Autorisation d’importation de 30 mille tonnes : MACKY SUCRE LES COMMERÇANTS – La production de la Css plombée – Le directeur du Commerce : «C’est une décision de l’État !»

13 - Novembre - 2018

Lors d’une rencontre au Palais, le chef de l’Etat a accédé à la volonté de l’Unacois de brider les ambitions d’Auchan. Mais ces derniers auraient également obtenu des autorisations d’importer du sucre. Une décision qui va gêner, pour un bon moment, la production de la Css.
Au mois d’octobre dernier, quand il recevait les dirigeants de l’Unacois Jappo, le Président Macky Sall avait tenu à leur donner des garanties en ce qui concerne l’implantation prochaine des boutiques d’Auchan. Mais on vient aujourd’hui d’apprendre que les mines réjouies des commerçants à la sortie de cette audience, n’avaient pas seulement pour cause la mise en bride des ambitions du supermarché européen. En fait, Macky Sall avait donné des instructions pour que les commerçants sénégalais puissent aussi se sucrer avec d’autres produits, si l’on peut le dire ainsi.
Le Quotidien a ainsi appris que ce ne sont pas moins de 30 mille tonnes de sucre qui ont été réparties entre les dirigeants de l’Unacois. Ainsi qu’un nombre non encore déterminé accordé à des hommes d’affaires occasionnels, et même à des dignitaires religieux.
Ce faisant, le gouvernement vient de s’offrir un certain répit sur le plan des revendications corporatistes, mais il n’est pas certain que tout le monde y trouvera son compte. D’abord, au sein même des commerçants de l’Unacois, les 30 mille tonnes de sucre ont créé plus de problèmes qu’elles n’en ont résolu. Certains hommes d’affaires, mécontents de la grille de répartition, auraient purement et simplement boudé le quota qui leur avait été donné.
Et pour ce qui concerne l’huile, tout le monde se rappelle encore l’interpellation d’un homme d’affaires il y a quelques mois, pour avoir introduit des produits impropres à la consommation, dont notamment, de l’huile vendue sous une marque contrefaite.

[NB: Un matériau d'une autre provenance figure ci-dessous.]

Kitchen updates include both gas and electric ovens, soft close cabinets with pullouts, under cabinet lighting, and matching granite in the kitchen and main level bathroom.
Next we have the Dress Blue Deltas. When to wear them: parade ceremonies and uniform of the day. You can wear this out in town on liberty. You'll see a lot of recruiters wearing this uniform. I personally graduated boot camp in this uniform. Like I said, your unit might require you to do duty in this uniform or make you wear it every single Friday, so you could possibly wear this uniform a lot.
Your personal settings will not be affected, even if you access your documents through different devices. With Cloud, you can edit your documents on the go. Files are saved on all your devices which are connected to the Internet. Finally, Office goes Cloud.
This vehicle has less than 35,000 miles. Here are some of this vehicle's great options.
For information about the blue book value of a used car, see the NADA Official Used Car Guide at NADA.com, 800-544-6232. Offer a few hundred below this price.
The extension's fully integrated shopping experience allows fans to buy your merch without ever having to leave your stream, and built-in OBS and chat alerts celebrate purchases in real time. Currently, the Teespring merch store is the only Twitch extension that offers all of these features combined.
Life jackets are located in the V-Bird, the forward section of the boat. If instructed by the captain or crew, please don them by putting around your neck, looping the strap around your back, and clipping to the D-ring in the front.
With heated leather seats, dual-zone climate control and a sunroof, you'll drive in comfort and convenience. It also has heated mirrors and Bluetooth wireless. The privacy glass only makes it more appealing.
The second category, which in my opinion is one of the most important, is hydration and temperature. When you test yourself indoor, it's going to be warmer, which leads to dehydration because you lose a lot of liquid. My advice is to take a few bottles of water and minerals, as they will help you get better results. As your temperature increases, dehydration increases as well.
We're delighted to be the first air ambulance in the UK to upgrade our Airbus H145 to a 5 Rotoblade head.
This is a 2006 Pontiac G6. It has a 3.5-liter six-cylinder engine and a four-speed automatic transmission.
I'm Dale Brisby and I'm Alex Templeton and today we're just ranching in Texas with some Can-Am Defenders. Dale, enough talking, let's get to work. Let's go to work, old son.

Et pour le sucre, au niveau de la Compagnie sucrière sénégalaise, la production couvre depuis longtemps les besoins nationaux. La société a plusieurs centaines de tonnes dans ses entrepôts. Et il est prévu qu’elle entame sa prochaine campagne de production dans une dizaine de jours. Dans ces conditions, une injection massive de sucre importé pourrait signifier un arrêt de la production pour une bonne partie de la saison.
Or, si cela devait survenir, la compagnie pourrait se retrouver contrainte à mettre en chômage technique les milliers de journaliers qui travaillent dans ses installations. Avec des conséquences dramatiques que tout le monde peut imaginer. Tout le monde sait en effet, que la Css est le premier employeur dans la vallée du fleuve Sénégal. Et à Richard Toll en particulier, ainsi que dans des villes comme Rosso Sénégal et Dagana, l’activité économique est rythmée au gré des navettes des véhicules de la sucrière.
Il est vrai qu’en période pré-électorale, le pouvoir a besoin de donner des gages à différents porteurs de voix. Ce qui peut sans doute justifier que, alors que le Président Macky Sall avait garanti aux syndicats des travailleurs de la Css que rien ne viendrait mettre en péril l’existence de leur société, on en vient aujourd’hui à donner à des négociants les moyens de les empêcher de continuer à produire. Quoi qu’il en soit, pour leur part, les syndicalistes de la compagnie sucrière estiment que si cette décision d’accorder des Dipa à des commerçants est avérée, «ce serait comme si le gouvernement a préféré 3 commerçants à 13 mille électeurs employés de la compagnie sucrière». Et dans ces conditions, eux sauront pour qui ne pas voter aux prochaines élections.
De son côté, le gouvernement semble avoir décidé d’assumer. Même si, pour ne sans doute pas choquer, il préfère parler de quotas au lieu des Dipa qui depuis un bon moment, ont une connotation négative. Interpellé hier sur la situation créée par les quotas de sucre, le directeur du Commerce intérieur, Ousmane Mbaye, a répondu par un sms lapidaire qui déclarait : «C’est une décision du gouvernement» ! Une manière sans doute de faire comprendre que la décision émanait d’un niveau qui lui était supérieur, mais qu’il devait la défendre malgré ses états d’âme.